◆ Information:
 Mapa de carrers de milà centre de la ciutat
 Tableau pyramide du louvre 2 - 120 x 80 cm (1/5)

--

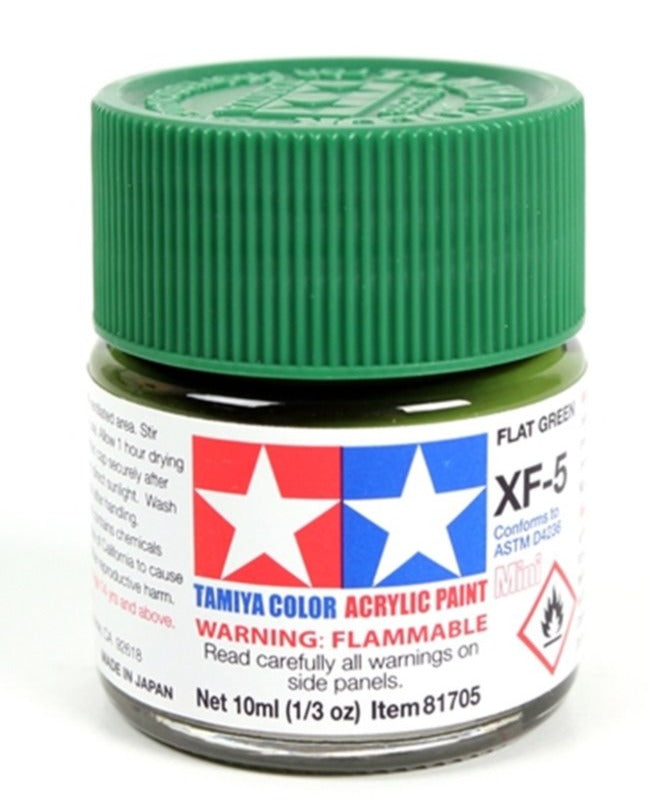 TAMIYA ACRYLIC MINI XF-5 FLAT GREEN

◆ Work to be completed:
Within the listing above, the range opens at the line with "Mapa de carrers de milà centre de la ciutat" and closes at the line with "Tableau pyramide du". Reproduce exactly the lines of that range, including both ends.

◆ Output of the exercise:
 Mapa de carrers de milà centre de la ciutat
 Tableau pyramide du louvre 2 - 120 x 80 cm (1/5)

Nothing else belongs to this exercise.